Papillomavirus e cancro: due facce della stessa medaglia

Papillomavirus e cancro, Papillomavirus e cancro: due facce della stessa medaglia

Può un virus scatenare una serie di meccanismi molecolare in grado di causare una proliferazione  incontrollata delle cellule e una loro immortalizzazione, e quindi un cancro? La risposta, purtroppo è SI! Il Papillomavirus, oltre a causare infezioni benigne cutanee e della mucosa è in grado anche  di causare il cancro della cervice uterina.
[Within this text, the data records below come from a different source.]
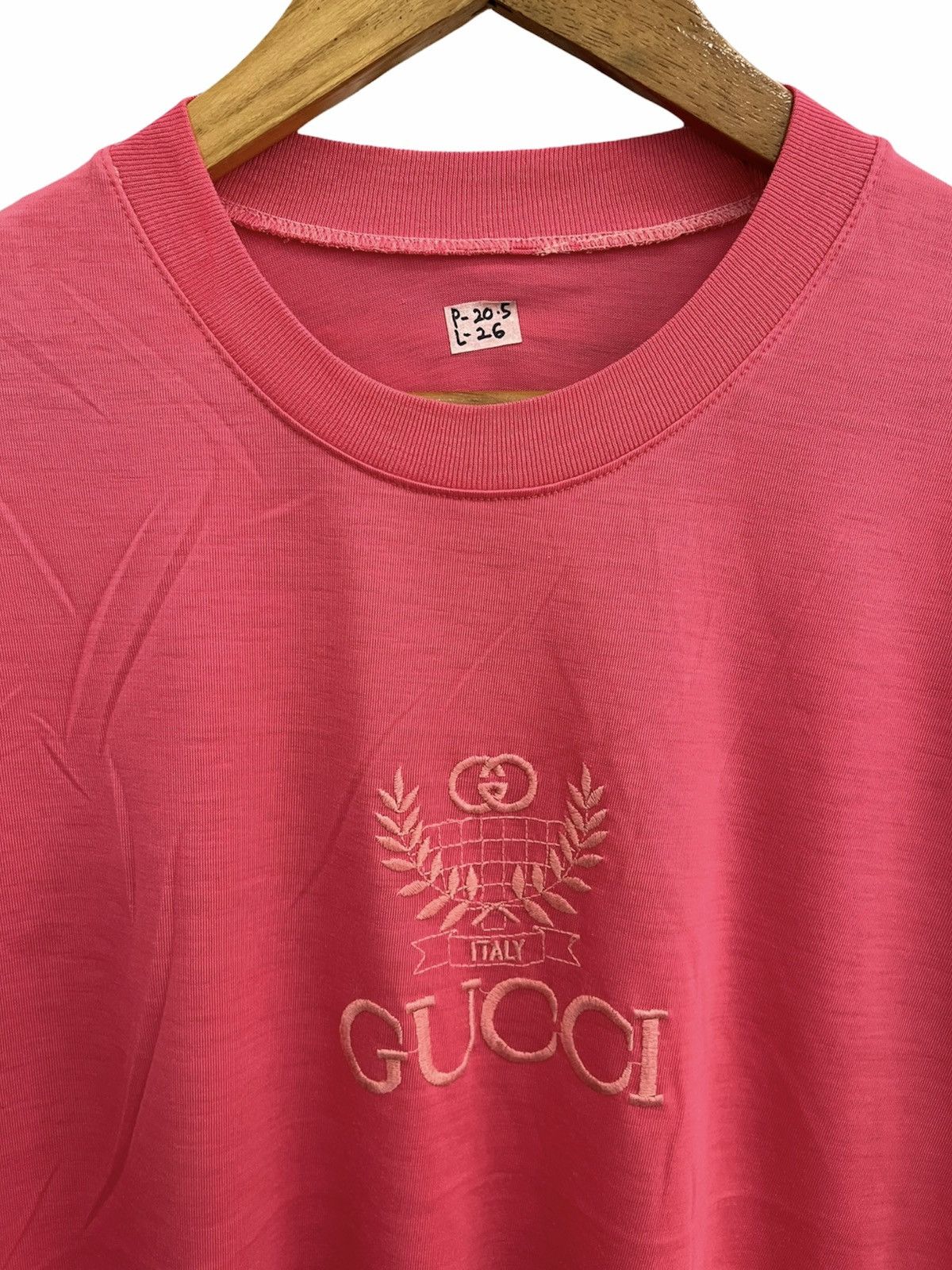 Designer × Japanese Brand BEST OFFER Vintage Embroidery Logo T-Shirt Size US M / EU 48-50 / 2 - 4 Thumbnail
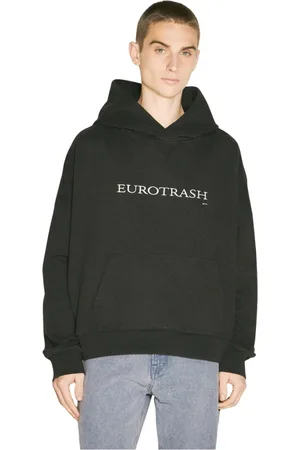 Eytys Heren, Sweatshirts & Hoodies, Zwart, Maat: M Katoen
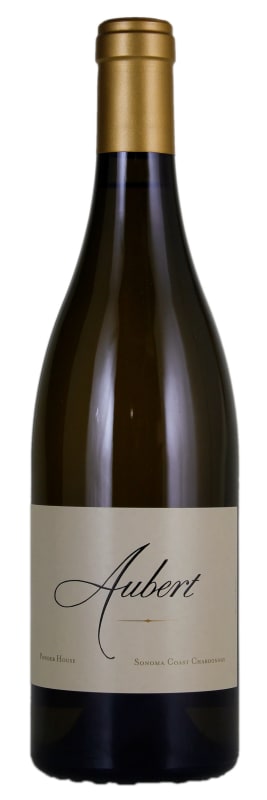 Aubert Powder House Chardonnay (1.5 Liter Magnum) 2018 Front Bottle Shot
I dati raccolti nel 2015 dal “Centro Nazionale per la Prevenzione delle Malattie e la Promozione della Salute dell’Istituto Superiore di Sanità” affermano  che circa l’80% delle donne italiane in età fertile può risultare positiva al test HPV e oltre il 50% può risultare positiva ad un genotipo HPV ad alto rischio oncogeno capace di generare il cancro cervicale. Ma osserviamo nel dettaglio questo virus, cercando di capire come e quando diagnosticarlo e come prevenire una sua infezione.

PAPILLOMA-VIRUS: COS’E’, ASPETTI CLINICI E COME DIAGNOSTICARLO

Il Papillomavirus è un virus appartenente alla famiglia dei Papillomaviridae ed è caratterizzato da un DNA circolare a doppia elica, un capside icosaedrico sprovvisto di involucro e possiede  uno specifico tropismo per gli epiteli cutaneo e mucoso. La sua replicazione, infatti, è ristretta a questo tipo di cellule ed è condizionata dallo stadio di differenziamento cellulare.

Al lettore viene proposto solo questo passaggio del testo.